Sucralose, sold as Splenda, is the newest entry in the sugar substitute market and has taken the country by storm as the preferred sweetener of both the Atkins and South Beach diets. Considered safe for everyone, including children and pregnant women, it is made from sugar (sucrose) through a patented, multi-step process. Pure sucralose is used by manufacturers in products or it is bulked with maltodextrin (an extremely low density carbohydrate) for the table-top sweetener Splenda. You will find it in yellow packets or as Splenda Granular sold in boxes or baker’s bags. Be aware, however, that Splenda Sugar for Baking is half granulated sugar and half sucralose, thereby containing 96 grams of carbohydrate per one-half cup. I use and recommend Splenda Granular, even for baking, with recipes that are designed specifically for its use.

Aspartame, or “the blue one”, is sold under the brand name Equal and NutraSweet. Recognized by the FDA as safe for the general population, aspartame is made from two amino acids. (Because it contains pheylelenine, it is not advised for phenylketonurics and some pregnant women.) Equal Spoonful measures 1:1 like sugar for recipes, but it is not recommended for items requiring lengthy baking or heating times as it can lose its sweetness. Use it in uncooked foods or add it near the end of the cooking process to help it retain its sweetness. Of note, the new product Equal Sugar Lite is also a one-half granulated sugar blend.

Saccharin, the oldest of all sugar substitutes, has also been the most debated due to concerns about bladder cancer.

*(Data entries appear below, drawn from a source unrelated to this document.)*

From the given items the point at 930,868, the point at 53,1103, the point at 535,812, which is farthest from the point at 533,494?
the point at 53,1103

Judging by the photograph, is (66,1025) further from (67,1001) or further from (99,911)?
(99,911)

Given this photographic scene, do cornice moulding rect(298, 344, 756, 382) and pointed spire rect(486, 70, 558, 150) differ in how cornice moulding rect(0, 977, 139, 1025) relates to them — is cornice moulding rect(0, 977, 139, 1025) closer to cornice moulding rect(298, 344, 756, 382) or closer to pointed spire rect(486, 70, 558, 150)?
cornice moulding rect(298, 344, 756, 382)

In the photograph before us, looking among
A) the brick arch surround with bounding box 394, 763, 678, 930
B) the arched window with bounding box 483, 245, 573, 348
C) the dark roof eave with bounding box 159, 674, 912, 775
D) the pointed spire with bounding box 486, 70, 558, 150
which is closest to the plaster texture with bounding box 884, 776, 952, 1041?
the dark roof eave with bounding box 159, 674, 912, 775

Recently, after additional testing, the federal government removed all warnings from saccharin, which is sold primarily as Sweet ‘N Low in the pink packets. Saccharin, made by combining two different chemical groups, is widely used for its heat stability and cost effectiveness. Because it is only made in concentrated form, conversion charts from the company must be used when substituting it for sugar in recipes.

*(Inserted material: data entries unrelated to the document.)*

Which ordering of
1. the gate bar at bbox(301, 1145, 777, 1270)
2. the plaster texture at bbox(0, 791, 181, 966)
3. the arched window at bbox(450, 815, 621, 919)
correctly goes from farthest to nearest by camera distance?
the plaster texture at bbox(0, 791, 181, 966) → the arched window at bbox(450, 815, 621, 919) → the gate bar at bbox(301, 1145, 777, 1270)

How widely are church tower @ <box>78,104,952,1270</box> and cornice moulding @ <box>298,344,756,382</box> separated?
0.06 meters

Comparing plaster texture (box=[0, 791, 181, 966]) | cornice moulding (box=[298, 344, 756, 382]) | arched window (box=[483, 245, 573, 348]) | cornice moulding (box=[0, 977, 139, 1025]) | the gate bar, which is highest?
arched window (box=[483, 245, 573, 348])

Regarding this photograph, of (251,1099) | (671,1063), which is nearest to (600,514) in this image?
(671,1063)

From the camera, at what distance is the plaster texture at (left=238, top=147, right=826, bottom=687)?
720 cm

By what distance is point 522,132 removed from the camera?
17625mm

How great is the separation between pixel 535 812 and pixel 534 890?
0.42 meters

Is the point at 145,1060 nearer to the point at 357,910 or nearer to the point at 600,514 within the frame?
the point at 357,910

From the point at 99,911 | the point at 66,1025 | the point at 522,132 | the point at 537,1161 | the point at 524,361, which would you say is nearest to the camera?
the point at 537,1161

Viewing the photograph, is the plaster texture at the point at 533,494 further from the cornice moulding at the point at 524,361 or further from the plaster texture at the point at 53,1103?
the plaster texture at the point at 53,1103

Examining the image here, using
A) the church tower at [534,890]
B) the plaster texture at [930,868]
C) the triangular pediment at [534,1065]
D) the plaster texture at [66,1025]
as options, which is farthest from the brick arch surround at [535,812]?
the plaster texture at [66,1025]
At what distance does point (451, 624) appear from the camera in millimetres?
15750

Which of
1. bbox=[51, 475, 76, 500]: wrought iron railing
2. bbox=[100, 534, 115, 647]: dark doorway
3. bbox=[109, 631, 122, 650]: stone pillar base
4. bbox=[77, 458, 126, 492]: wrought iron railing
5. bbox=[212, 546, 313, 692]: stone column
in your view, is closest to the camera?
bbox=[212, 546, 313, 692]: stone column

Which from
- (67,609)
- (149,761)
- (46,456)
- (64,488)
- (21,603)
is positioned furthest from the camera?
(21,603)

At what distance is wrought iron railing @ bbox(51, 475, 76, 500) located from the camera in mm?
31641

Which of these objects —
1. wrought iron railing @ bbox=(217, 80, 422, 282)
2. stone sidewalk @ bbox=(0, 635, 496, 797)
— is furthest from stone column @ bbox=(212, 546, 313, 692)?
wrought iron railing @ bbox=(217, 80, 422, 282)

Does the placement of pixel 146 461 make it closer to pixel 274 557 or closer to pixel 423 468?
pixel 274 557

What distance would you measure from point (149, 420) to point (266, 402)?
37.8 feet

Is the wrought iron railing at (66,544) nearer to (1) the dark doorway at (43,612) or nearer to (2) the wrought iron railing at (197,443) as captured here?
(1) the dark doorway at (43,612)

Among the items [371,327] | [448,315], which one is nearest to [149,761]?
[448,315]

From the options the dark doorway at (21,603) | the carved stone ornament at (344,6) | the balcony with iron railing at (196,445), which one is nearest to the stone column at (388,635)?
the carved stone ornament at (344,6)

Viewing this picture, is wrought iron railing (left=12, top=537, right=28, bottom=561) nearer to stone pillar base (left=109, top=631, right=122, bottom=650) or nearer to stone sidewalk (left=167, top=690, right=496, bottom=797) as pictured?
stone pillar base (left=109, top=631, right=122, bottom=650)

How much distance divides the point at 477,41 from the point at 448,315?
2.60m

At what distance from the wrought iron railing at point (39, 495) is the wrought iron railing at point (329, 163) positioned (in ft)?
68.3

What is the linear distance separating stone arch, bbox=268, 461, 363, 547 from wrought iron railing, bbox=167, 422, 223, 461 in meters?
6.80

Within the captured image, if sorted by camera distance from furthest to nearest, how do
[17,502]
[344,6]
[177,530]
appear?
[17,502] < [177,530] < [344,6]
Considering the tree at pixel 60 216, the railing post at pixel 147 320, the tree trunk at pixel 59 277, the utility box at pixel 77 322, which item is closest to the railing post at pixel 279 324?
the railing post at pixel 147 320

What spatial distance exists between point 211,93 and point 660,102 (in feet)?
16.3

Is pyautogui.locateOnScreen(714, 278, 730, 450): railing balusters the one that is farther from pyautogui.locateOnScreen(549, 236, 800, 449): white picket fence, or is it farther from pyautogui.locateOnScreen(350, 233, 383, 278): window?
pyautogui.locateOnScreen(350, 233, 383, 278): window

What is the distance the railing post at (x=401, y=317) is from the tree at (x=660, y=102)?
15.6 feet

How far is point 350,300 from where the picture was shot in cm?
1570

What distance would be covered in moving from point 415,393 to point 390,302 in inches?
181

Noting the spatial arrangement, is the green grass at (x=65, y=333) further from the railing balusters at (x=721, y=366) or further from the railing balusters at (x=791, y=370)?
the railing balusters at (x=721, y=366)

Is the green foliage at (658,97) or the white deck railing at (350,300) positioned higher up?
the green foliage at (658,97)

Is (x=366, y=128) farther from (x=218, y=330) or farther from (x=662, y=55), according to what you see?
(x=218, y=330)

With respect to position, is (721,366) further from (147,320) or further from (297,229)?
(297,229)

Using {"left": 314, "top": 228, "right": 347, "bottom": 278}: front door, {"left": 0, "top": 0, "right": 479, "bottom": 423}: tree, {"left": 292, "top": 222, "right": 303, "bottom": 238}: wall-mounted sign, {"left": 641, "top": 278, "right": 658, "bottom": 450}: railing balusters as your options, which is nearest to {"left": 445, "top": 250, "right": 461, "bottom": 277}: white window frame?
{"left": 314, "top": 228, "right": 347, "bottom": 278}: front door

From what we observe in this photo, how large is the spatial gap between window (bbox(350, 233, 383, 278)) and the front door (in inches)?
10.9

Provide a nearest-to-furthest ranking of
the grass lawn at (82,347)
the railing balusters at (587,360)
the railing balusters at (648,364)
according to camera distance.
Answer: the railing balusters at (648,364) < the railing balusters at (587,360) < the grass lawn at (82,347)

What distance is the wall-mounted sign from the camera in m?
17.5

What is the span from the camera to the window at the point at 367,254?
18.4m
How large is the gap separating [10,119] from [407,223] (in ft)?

Acesulfame Potassium, or acesulfame K as you will find on labels, is sold under the brand name Sunett or Sweet One. More popular worldwide than in the U.S., you will find it most commonly paired with other non-nutritive sweeteners, as it is considered a perfect “blender” to bring the sweetness profile of other sugar substitutes close to real sugar.

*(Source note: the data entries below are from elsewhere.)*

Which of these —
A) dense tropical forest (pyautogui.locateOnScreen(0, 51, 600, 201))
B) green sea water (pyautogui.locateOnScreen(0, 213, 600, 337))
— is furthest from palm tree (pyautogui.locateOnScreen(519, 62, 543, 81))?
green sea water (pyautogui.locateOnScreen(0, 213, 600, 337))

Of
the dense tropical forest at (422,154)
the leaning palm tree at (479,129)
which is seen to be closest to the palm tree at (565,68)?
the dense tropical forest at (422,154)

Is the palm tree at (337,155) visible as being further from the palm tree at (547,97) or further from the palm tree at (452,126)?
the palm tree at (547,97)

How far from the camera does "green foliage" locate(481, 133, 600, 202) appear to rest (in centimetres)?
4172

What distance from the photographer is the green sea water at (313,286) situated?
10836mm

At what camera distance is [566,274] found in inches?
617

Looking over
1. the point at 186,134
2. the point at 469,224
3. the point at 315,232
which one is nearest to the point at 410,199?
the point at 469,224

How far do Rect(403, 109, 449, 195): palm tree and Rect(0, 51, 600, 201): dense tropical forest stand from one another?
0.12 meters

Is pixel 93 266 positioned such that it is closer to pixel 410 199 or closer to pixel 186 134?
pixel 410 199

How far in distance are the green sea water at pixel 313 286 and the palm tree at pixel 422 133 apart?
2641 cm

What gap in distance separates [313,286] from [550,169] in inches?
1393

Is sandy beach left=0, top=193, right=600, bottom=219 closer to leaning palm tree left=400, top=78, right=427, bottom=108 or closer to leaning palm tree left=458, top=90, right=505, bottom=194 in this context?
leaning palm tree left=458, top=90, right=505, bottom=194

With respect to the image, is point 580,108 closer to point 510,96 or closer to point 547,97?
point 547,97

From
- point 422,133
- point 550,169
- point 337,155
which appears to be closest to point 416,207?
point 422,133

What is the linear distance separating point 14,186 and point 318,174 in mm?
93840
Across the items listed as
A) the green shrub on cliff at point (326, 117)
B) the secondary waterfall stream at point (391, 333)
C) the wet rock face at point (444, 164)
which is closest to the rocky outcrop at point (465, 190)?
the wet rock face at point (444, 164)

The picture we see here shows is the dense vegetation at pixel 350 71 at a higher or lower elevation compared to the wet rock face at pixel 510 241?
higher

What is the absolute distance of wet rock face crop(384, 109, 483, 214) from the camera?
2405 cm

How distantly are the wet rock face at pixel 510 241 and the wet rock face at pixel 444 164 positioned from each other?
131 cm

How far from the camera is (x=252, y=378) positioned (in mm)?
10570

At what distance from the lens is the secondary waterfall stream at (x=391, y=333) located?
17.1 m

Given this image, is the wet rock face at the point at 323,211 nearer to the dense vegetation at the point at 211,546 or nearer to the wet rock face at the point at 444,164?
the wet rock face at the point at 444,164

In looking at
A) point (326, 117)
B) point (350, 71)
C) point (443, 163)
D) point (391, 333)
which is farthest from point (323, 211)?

Sugar Alcohols, or polyols, are chemically alcohols but are made from sugar molecules. Mannitol, maltitol, sorbitor, xylitol, lactitol and erythrital are all sugar alchohols. Sugar alcohols, although sweet, only provide about half the calories because the body absorbs only part of the sugar alcohol. Additionally, because sugar alcohols are digested and metabolized much more slowly than sugar, they have far less effect on insulin and blood sugar. Sugar alcohols are not commonly available for purchase but are widely used by food companies. You should know that, with the exception of erythritol, sugar alcohols “sit” in the digestive tract and can cause gas, cramping and diarrhea-especially if you consume too much. Be especially cautious in giving food with sugar alcohols to children. Most experts agree that one-half of the carbohydrates from sugar alcohols should be included in your carbohydrate count. Many low-carb products subtract all grams of sugar alcohol to get “net” or “effective” carbs. To make this conversion, simply add back one-half of the grams of sugar alcohol to the net carbs per serving.